WHAT TO DO: Starting at the line that contains "Pedal Challenge - Karolina", print every remaining line of the entries, unchanged, and output nothing more.
━━ GIVEN INFORMATION ━━
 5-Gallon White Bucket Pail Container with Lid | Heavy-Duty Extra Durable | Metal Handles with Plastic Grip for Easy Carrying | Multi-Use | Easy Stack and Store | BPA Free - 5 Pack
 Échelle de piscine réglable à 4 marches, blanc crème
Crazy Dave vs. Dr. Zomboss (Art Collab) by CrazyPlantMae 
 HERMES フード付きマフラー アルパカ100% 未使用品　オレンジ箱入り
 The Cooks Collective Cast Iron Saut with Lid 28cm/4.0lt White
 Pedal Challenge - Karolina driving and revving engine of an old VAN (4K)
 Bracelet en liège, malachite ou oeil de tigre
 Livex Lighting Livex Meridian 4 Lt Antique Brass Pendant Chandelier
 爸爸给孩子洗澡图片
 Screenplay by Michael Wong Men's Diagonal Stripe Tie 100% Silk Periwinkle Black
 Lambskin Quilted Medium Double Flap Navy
━━━
ANSWER SECTION:
 Pedal Challenge - Karolina driving and revving engine of an old VAN (4K)
 Bracelet en liège, malachite ou oeil de tigre
 Livex Lighting Livex Meridian 4 Lt Antique Brass Pendant Chandelier
 爸爸给孩子洗澡图片
 Screenplay by Michael Wong Men's Diagonal Stripe Tie 100% Silk Periwinkle Black
 Lambskin Quilted Medium Double Flap Navy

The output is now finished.